The Lavender Scare is a Los Angeles area based duo who take their name from a historical event, “the lavender scare” of the 1950’s when the United States Government wrecked the lives of numerous individuals in a misguided and unethical attempt to ferret out homosexual influence in government agencies. The duo, despite the origins of their name, has no overt political agenda, but their queer-influenced indie rock vibe makes more of a statement than any outsized broadside against social justice ever could. Their latest single “Sermonettes” is illustrative of their talents and songwriting sensibilities. Moreover, it will strike a chord with those already familiar with their music as well as newcomers. Band members James Delos Reyes and Luis Servin boast a high level of chemistry and this new single will do much to further expanding their profile.


Everything the band does, essentially, revolves around the relationship between the vocals, drums, and guitar. The drumming for this track is spot on from the first and sets an unwavering tempo The Lavender Scare sustains for the duration of the performance. Percussion is present in such a way for this track that it is central to the listening experience without ever threatening to overwhelm other facets of the performance. Outstanding guitar work defines the song, as well, with a slightly dissonant rhythm guitar track revealing something of its initial composition linking with the percussion while the mixing layers recurring lead guitar phrases over the top. The lead guitar work provides a sort of counterpoint for Reyes’ vocal without ever diverting listeners’ attention from his voice.

Reyes’ vocals have an intense, even grim, mood surrounding them, but melancholy more than anything else dominates his singing. If the musical arrangement were slower or less robust, you’d be tempted to label his performance as sullen, but the contrast between his voice and the music prevents that. He does a solid job of enunciating the song’s lyrical content and even a cursory listen to the words reveals The Lavender Scare’s writing possesses a gravity befitting the track’s overall demeanor.
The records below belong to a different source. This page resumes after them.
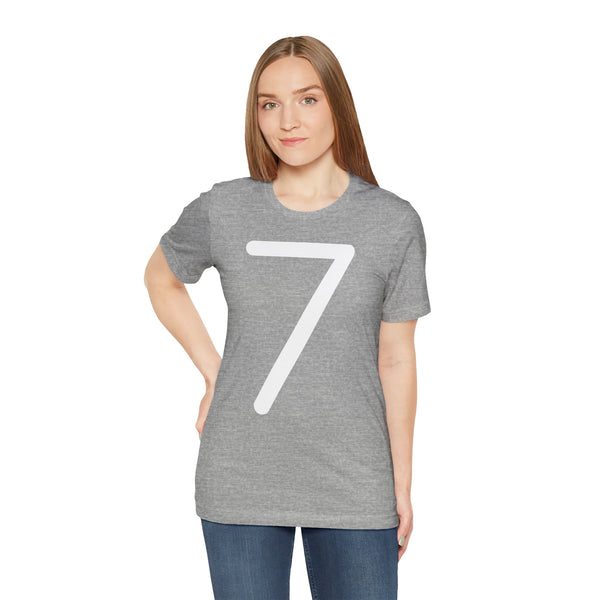 The 7 Tee - Be 1/2 of 6-7!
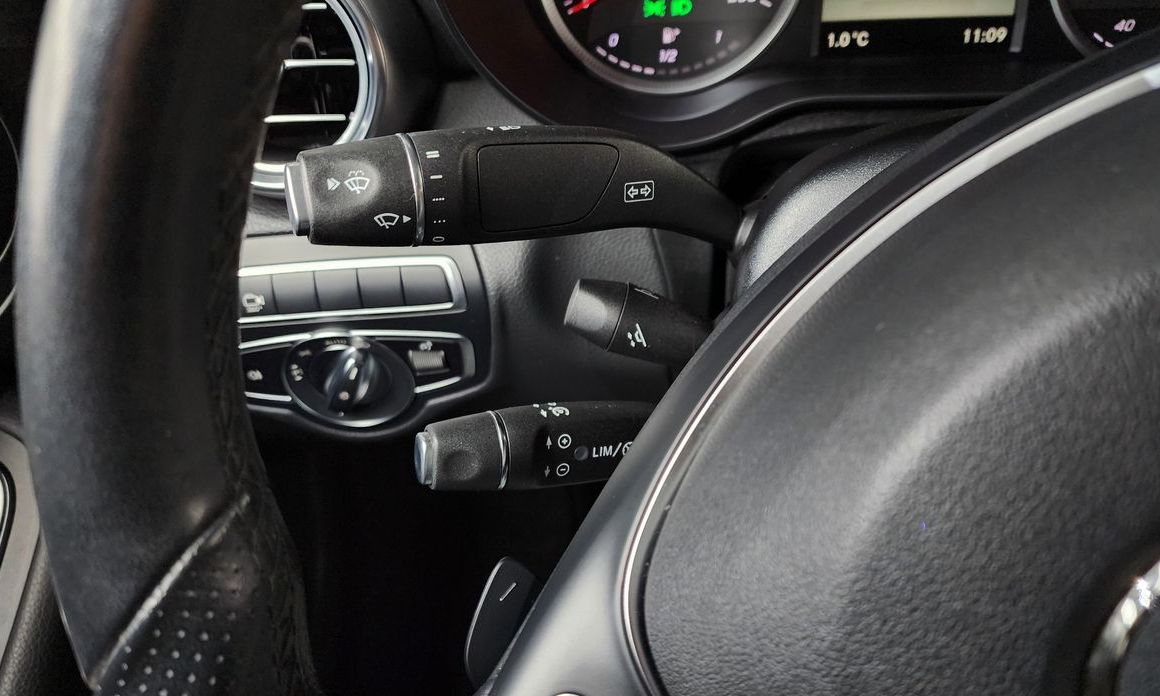 Mercedes-Benz GLC-Class 2019
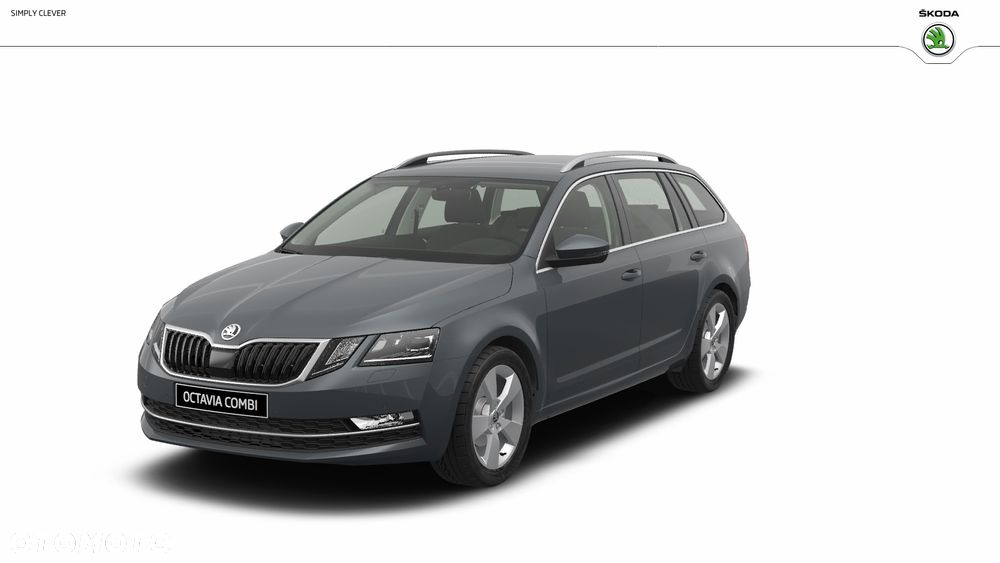 Skoda Octavia 1.5 TSI ACT Style DSG - 1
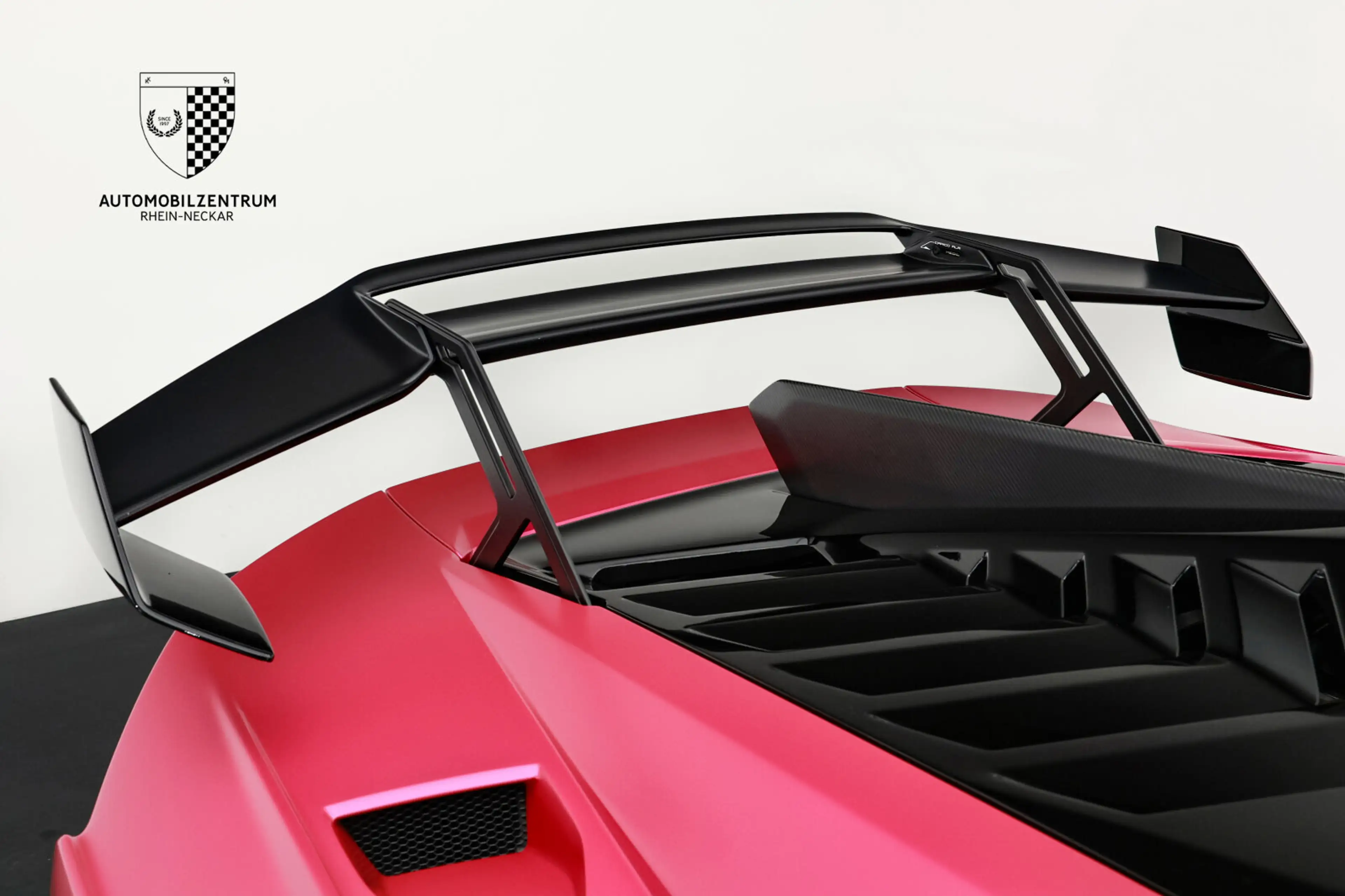 Lamborghini Huracán Huracán STO FullCarbon/RacingSeats/Camera/PPF — photo 15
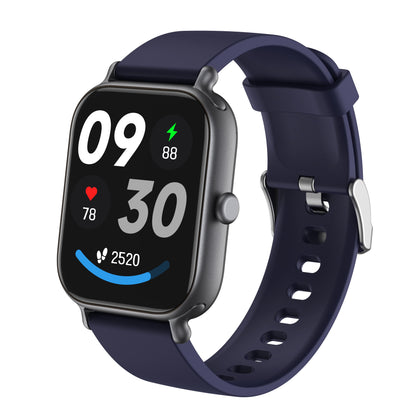 Fashionable Smart Watch Women  Bluetooth Calling Fitness Tracker, Health Monitor Heart Rate/Sleep Tracking WAUTTON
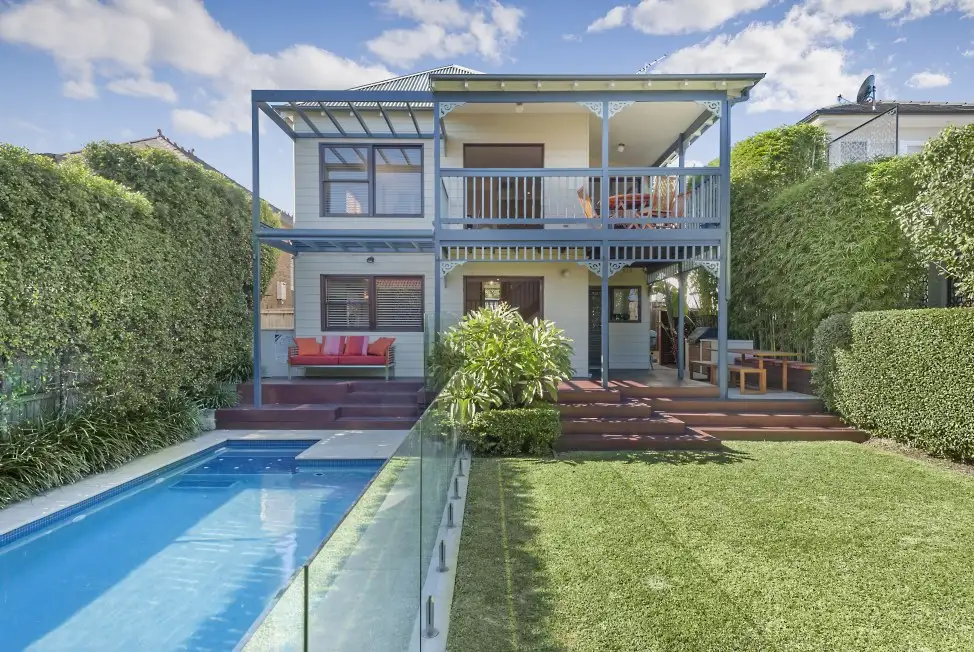 Main view of Homely house listing, 15 Thompson Street, Drummoyne NSW 2047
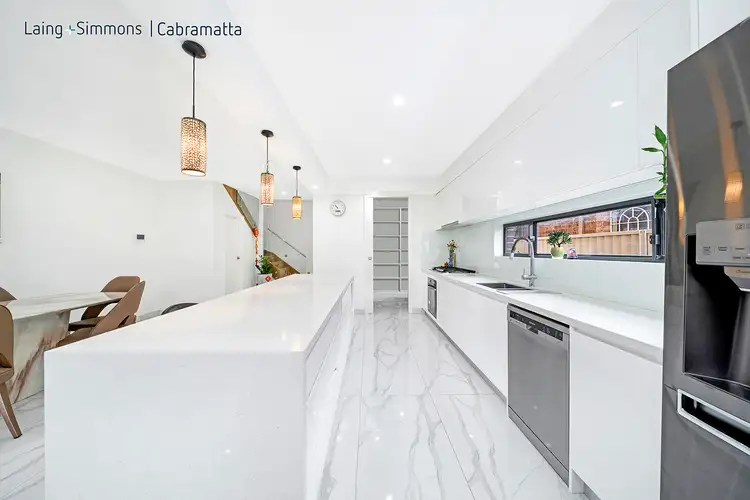 Fourth view of Homely semi-detached listing, 13 Delamere Street, Canley Vale NSW 2166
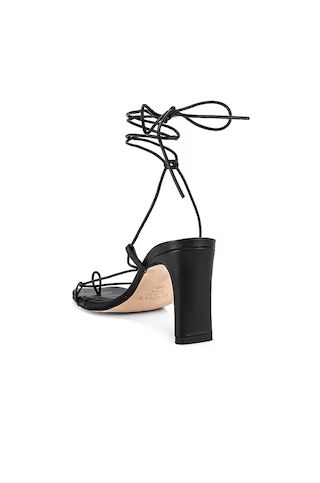 ALOHAS Bellini Sandal in Black from Revolve.com | Revolve Clothing (Global)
The cut runs a little over five minutes long but never wears out its welcome with listeners. The Lavender Scare are imaginative, note how well they bring electronic instrumentation into the song without affecting the guitar-centric focus of the song, and are daring beyond question. The final quarter of the performance transforms the track into an even more intense listening experience without ever losing its initial spirit as well.

This willingness to explore varied territory and the confidence rife in their compositions marks The Lavender Scare as a different breed of cat compared to the other inhabitants of the modern indie music jungle. “Sermonettes” is a powerful single framing their strengths in the best possible light and will earn them countless new fans as well as ample well-deserved praise from reviewers. It likewise has a great deal of potential as a set list staple. The Lavender Scare is thoroughly modern while still exhibiting impressive mastery over fundamentals intrinsic to any great song.